Symbiosis
by M.C. Schmidt
The baby continued to cry. Its mother, raw from feeding, had grown used to the nuisance sound (it was warm, dry, full, and safe, so what better characterization was there for its wailing?), but she couldn’t bear the waste of its tears and spit. Her body alchemized nutrients and energy into sweet milk to grow its brain and body, to set it on a course for physical agility and a high-percentile SAT score—not to squander those calories on red-faced tantrums. She allowed herself to be drained (disfigured, too, probably) so the baby could live a healthy life, succeed in a stressful, high-paying career, have a family, a swimming pool, a sharp and stylish haircut. Instead, its angry eyes leaked her nourishment into an insulting puddle on her sleeve.
***
She found the glass eyedropper in their bathroom junk drawer, sterilized it in boiling water to the droning of the baby’s atonal screams from the other room. Returned to the thick-padded recliner, with the heaviness of the swaddled thing in her lap, she blew on the eyedropper’s applicator, closed it in her fist to take in its heat, storing it inside herself, safely away from delicate skin. Once cooled, she placed it gently in the corner of the baby’s eye, pinched the stopper, then let it go. A fat tear was sucked into the glass tube. The baby blinked and scowled, a distrustful look beyond its experience.
The droplet swirled when she held it up to the light. Something within it seemed to recognize her, pulse for her, ache for reunion. The mother lifted the dropper to her mouth and squeezed it onto her tongue. The baby wriggled, intolerant, in her lap.
***
The popsicle molds were on clearance. It was fall, and they’d fallen out of season. She pulled them into her cart harum-scarum, just as she did with their regular groceries—glancing and tossing them in, barely slowing in the aisles, making the trip as expeditious as possible, ignoring the judgement of other shoppers, smiling to soothe the constant caterwauling of her bucket-seated baby.
It took a full day of tears to fill one mold and another for it to freeze. It tasted salty to her, familiar, correct. Cold and delicious. She consumed it slowly, lick by lick, then chewed the remainder off the plastic stick. Her breasts swelled; the baby’s cries grew urgent. With it latched on, the fluid felt thick, doubled in goodness from the path it had taken through both their bodies and now through them both again. She reclined her head, closed her eyes. The pain was exhilarating. After, the baby slept, sound and quiet, for the first time she could remember.
***
There were six popsicle hollows in the mold, but the baby’s improved temper meant that she only needed one of them. She made a mental schedule, cycling through each of them, never using the same one twice in a row. Once a hollow had been used, it retained a slickness that would frost as the next mold froze, requiring her to wipe it out with a wet paper towel before using it again. The mother had time for such things now that the baby was better about sleep. Mostly, she spent her newly-won free time standing in its bedroom doorway, watching the steady rise and fall of its body.
***
The baby grew fat and smart.
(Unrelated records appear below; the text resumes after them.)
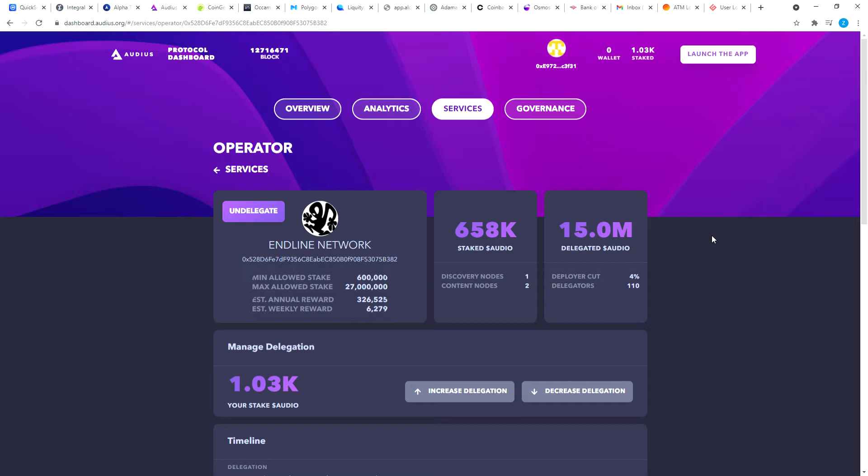This morning it looks like Audius gives out these rewards every seven days on Sunday mornings Central Time in the United States.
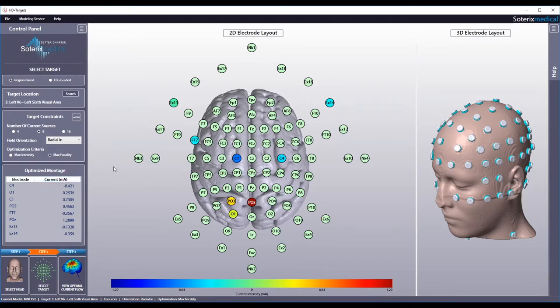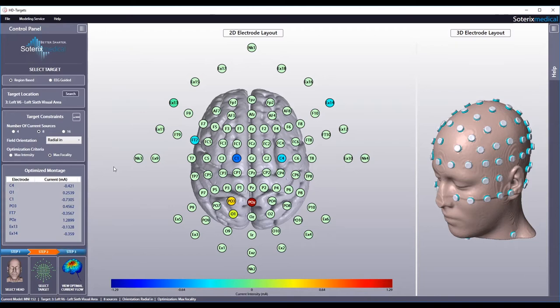Soterics Medical HD Targets automatically calculates the most optimal electrode montage based on the criteria you indicated. This is illustrated by the 2D electrode layout in the middle and the optimized montage table on the left. For each electrode indicated, the current you need to apply to that electrode is indicated in the false color map.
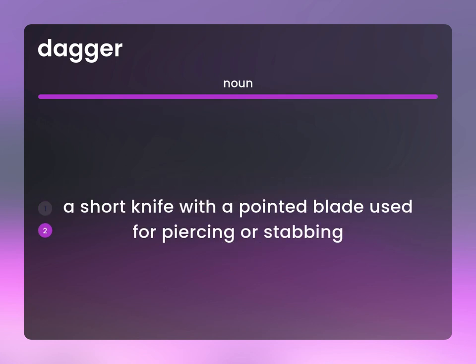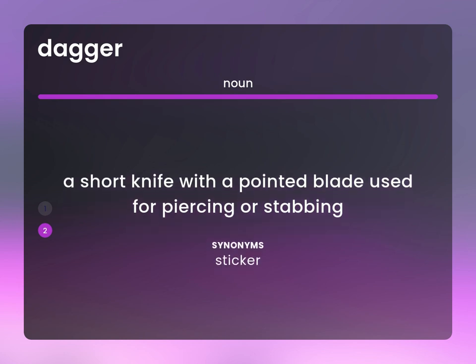A short knife with a pointed blade used for piercing or stabbing. Sticker.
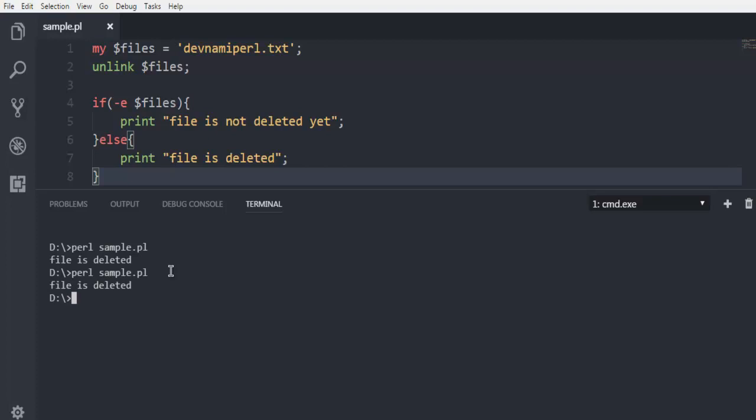Now if the file is already removed and if we try to execute this then it will still say file is deleted. And if it still exists there then it will try to remove it and then come back to the file deletion part. So this was a short demonstration on how to delete a file from hard disk using Perl programming language.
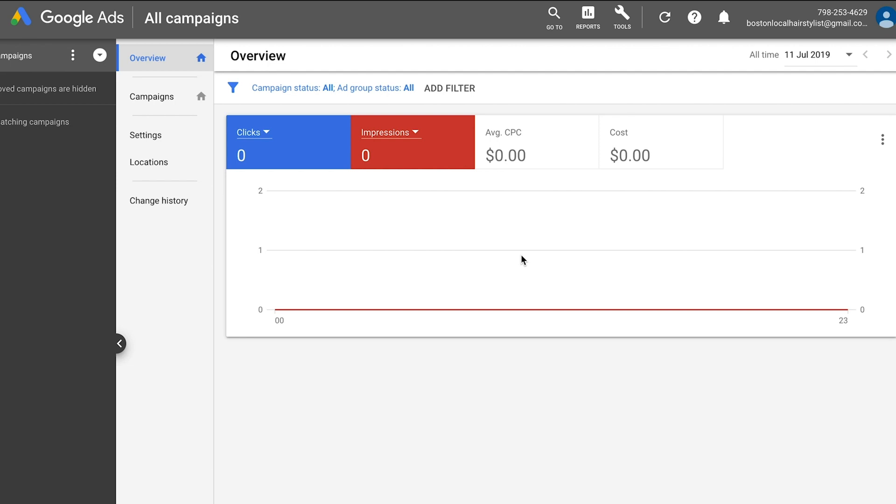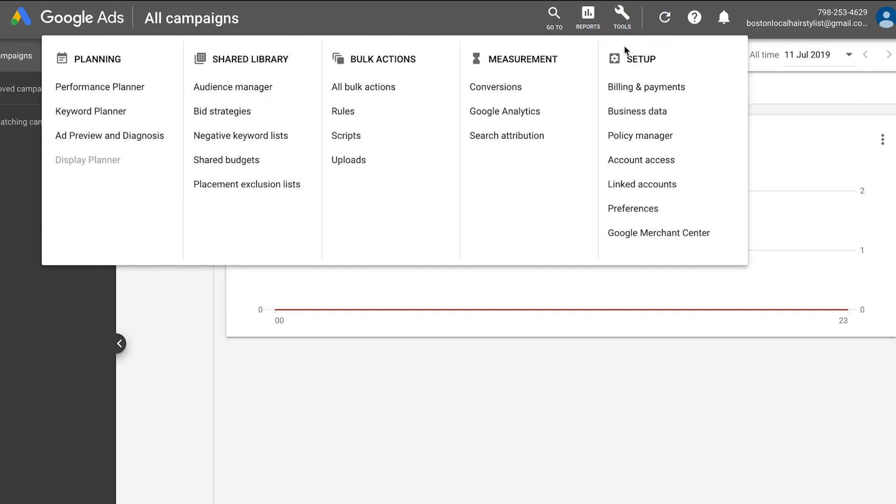For the third step, ensure your billing information has been entered. This is important to do in order for your ads to go online. Then select the tool icon at the top right of the page. Click billing and payments.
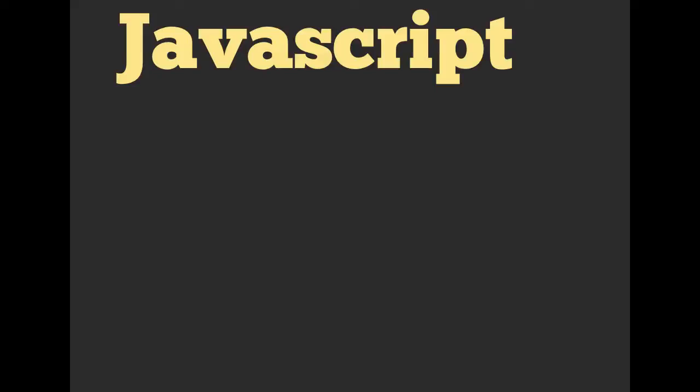Hello and welcome everyone. Richard Schneeman here. We are going to be talking about JavaScript right now.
As its tantrums decreased in frequency and fervor, it became stingier with its tears. She would sometimes sit with it on her lap, her dropper poised, appraising its face for the slightest sign of moisture. Frequently, she would push the applicator too heavily against its skin and leave a tiny red circle beside its eyes. “Crib rash,” she would say.
The molds now took four or five days to fill, sometimes longer. On the last day, she scraped a lowly ice chip from one hollow with greedy fingers.
***
“Just about time for solid food, don’t you think?” the father asked of the baby. She saw delight in his eyes at the thought of her body being returned to him. He didn’t know about the popsicles, but he understood how it might feel to no longer be needed. He squeezed her hand. The baby gummed the french-fry he had given it.
***
The child went to school, made friends, got moderately good grades. It was all little boy, suddenly. He was sweet to her in his way, but he didn’t remember the shared secret of their feedings. She was devastated to learn that one can’t miss a closeness they don’t remember. She was sometimes grouchy, chewed ice, but would never say what was wrong. Her son enjoyed popsicles made from cardboard cans of orange juice concentrate.
***
Girlfriends and summer jobs. A driver’s license, sex, college, adulthood. She remembered through it all.
***
Over the current holiday, her son brings his family to visit. Work is demanding, and time has long been his scarcest resource. He ignores the wailing of his child.
She bounces it, her grandchild, on her clasped knees, coos to quiet it, feels a visceral hunger. In the corner of its eye, she perceives the faintest discolored circle. She wipes the meat of her thumb across it, mindful of her nail. It’s raised, slightly, and damp to touch. The grandmother looks up, through the crowded room, and finds that its mother, her daughter-in-law, is intently watching her. She’s pretty but harrowed. There’s a damp stain on her blouse. The hunger is in her eyes too. The grandmother waits until her son pulls his wife away to some corner of the house, then she places her thumb in her mouth and tastes her.